(EXERCISE)
When the listing below reaches the line that has "Streets of Paris, April", start reproducing exactly; stop after the line that has "Black-bellied Plover - Meg Barron", and drop the pictures.
(RECORDS FOR PROCESSING Opens)
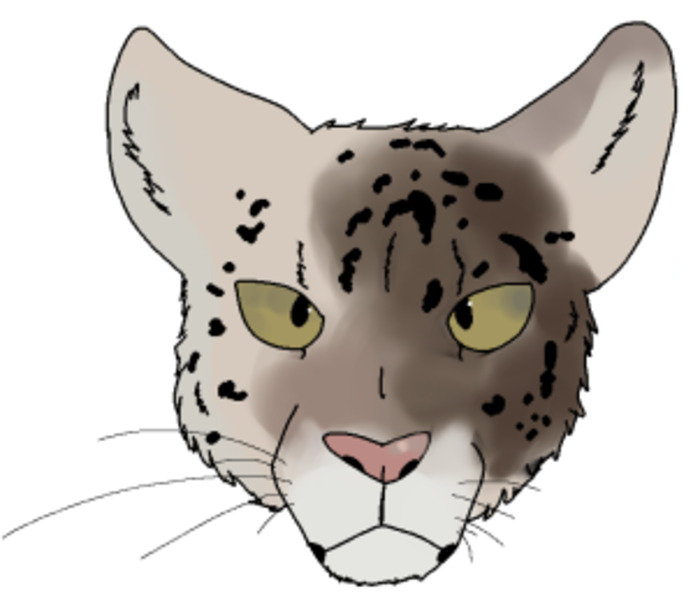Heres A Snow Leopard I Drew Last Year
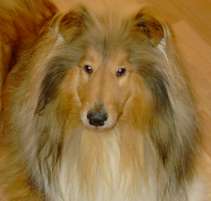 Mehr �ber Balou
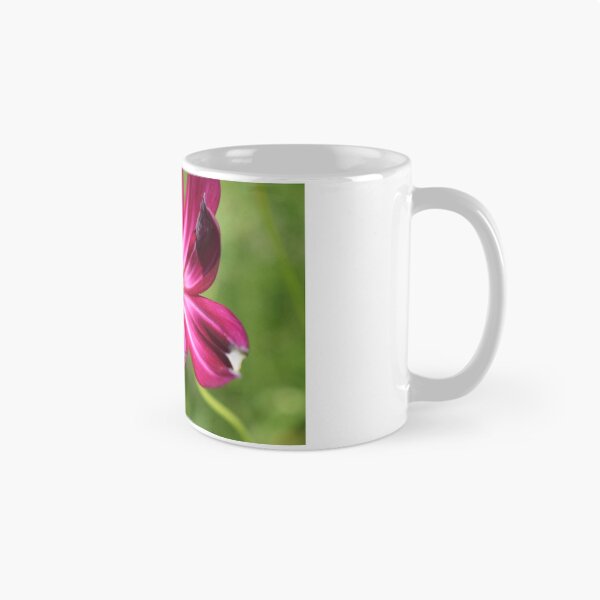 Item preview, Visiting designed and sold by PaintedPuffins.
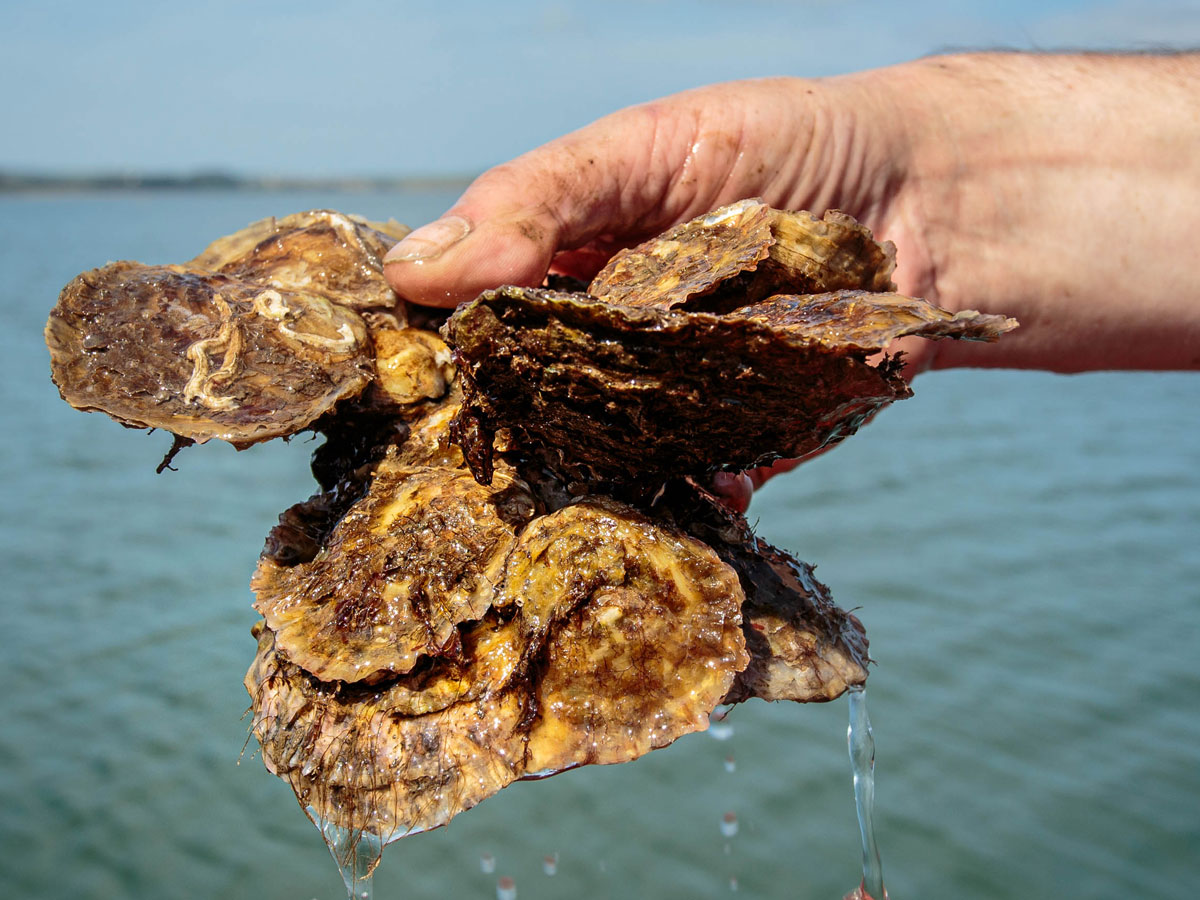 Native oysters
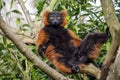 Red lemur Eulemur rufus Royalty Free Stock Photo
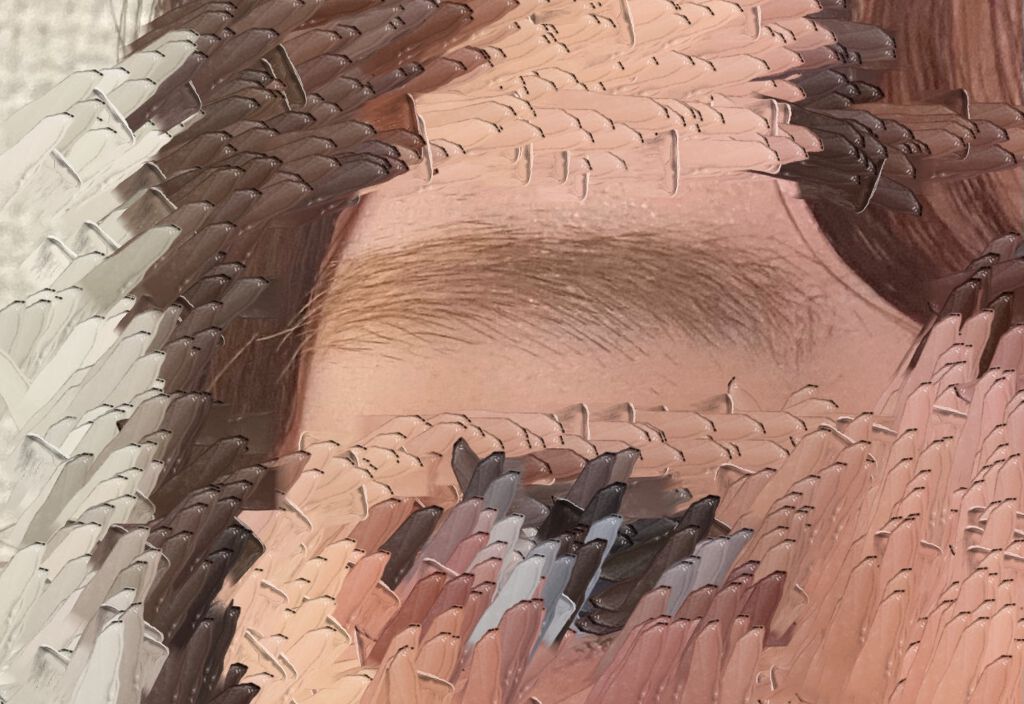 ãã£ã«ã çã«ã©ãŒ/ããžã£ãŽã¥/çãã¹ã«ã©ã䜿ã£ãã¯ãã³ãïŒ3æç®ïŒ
(RECORDS FOR PROCESSING Closes)
(RECORDS FOR PROCESSING Opens)
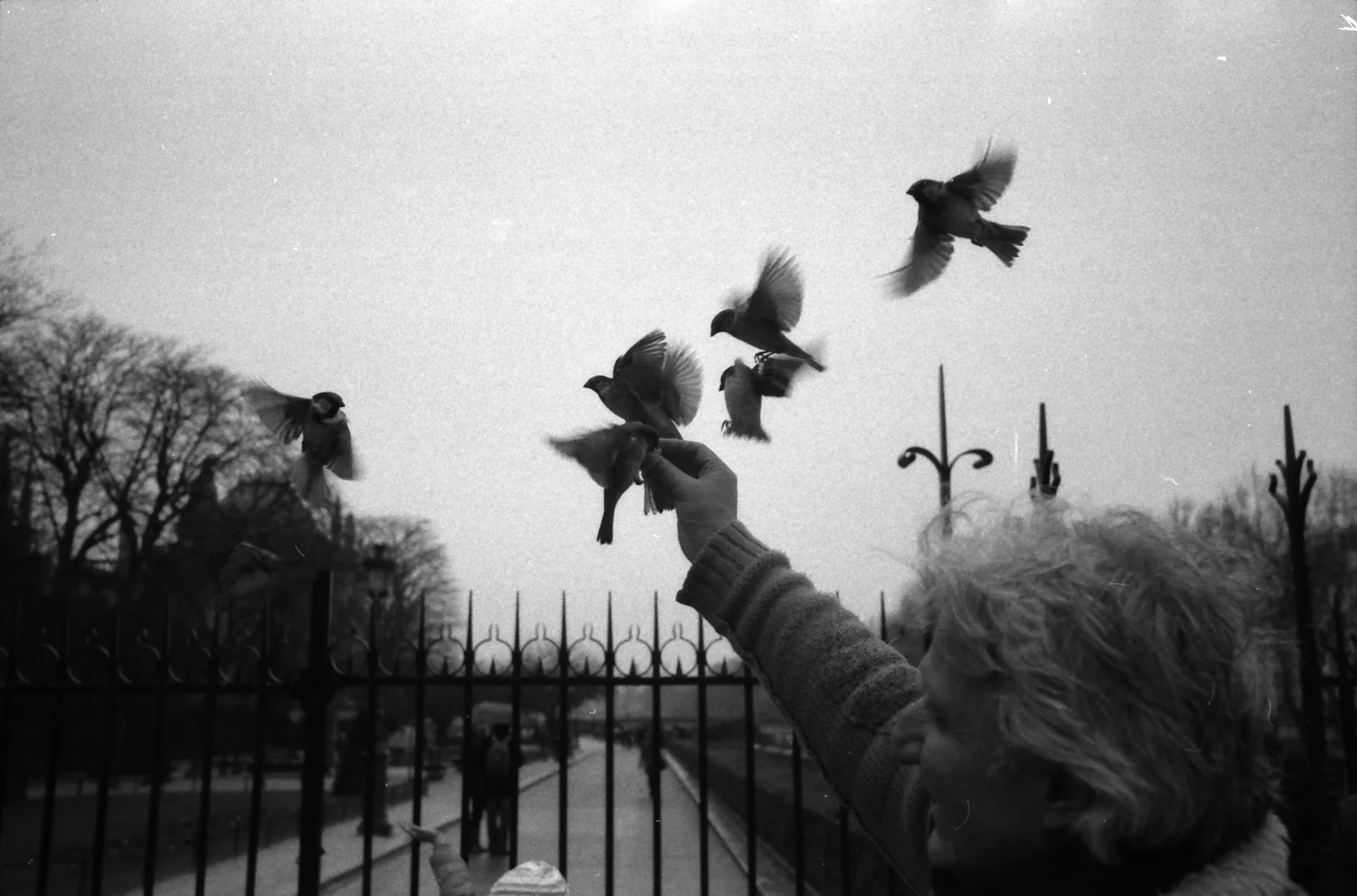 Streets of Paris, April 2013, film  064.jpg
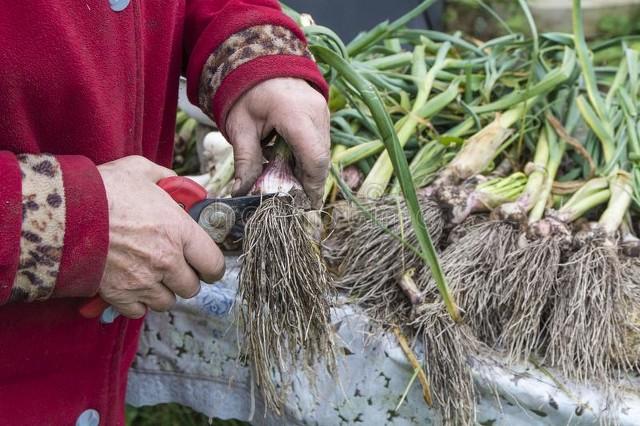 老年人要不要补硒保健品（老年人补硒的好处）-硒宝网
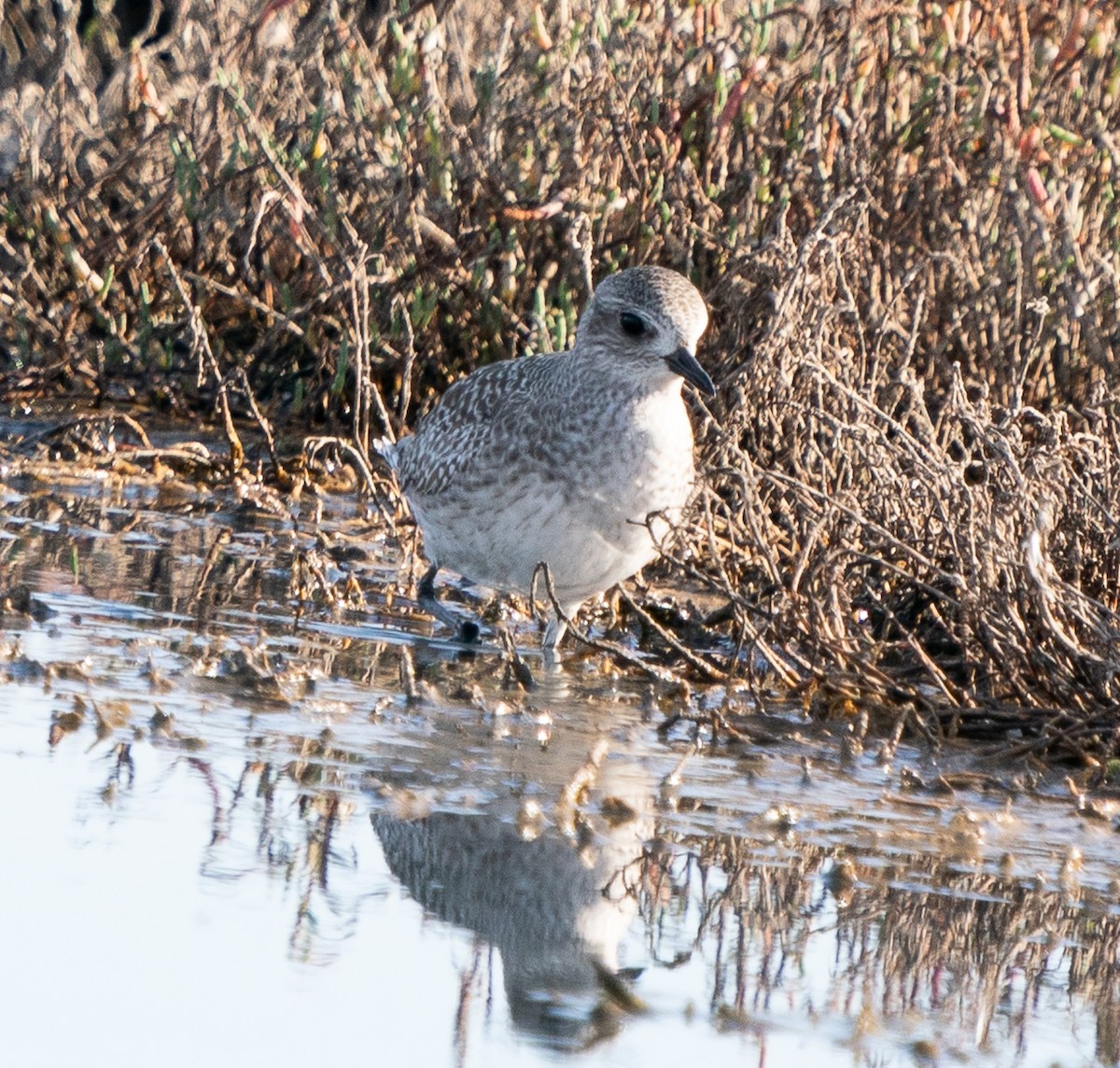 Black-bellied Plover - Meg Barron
(RECORDS FOR PROCESSING Closes)
(RECORDS FOR PROCESSING Opens)
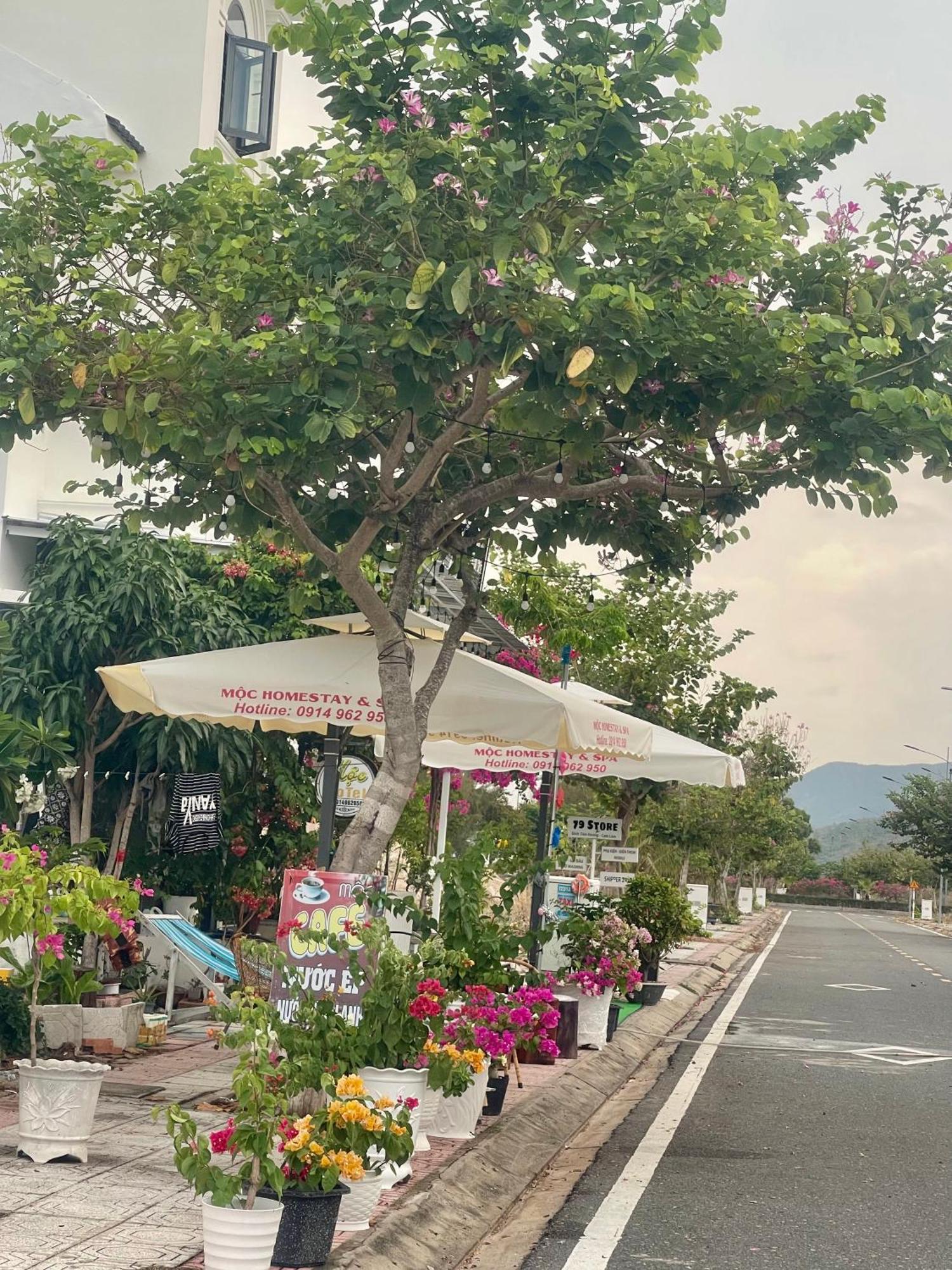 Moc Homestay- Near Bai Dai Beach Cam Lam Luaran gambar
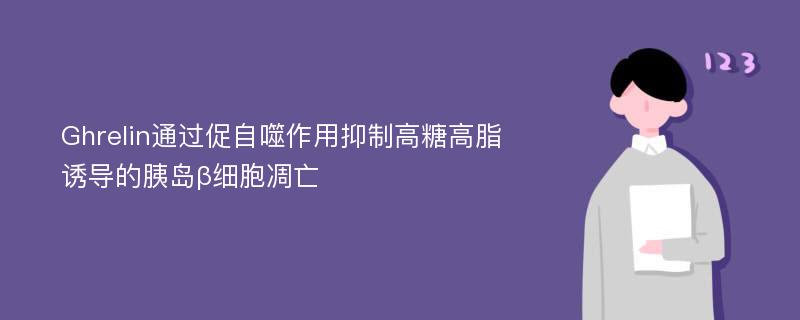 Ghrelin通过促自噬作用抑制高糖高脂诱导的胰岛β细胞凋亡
(RECORDS FOR PROCESSING Closes)
(YOUR SOLUTION)
 Streets of Paris, April 2013, film  064.jpg
 老年人要不要补硒保健品（老年人补硒的好处）-硒宝网
 Black-bellied Plover - Meg Barron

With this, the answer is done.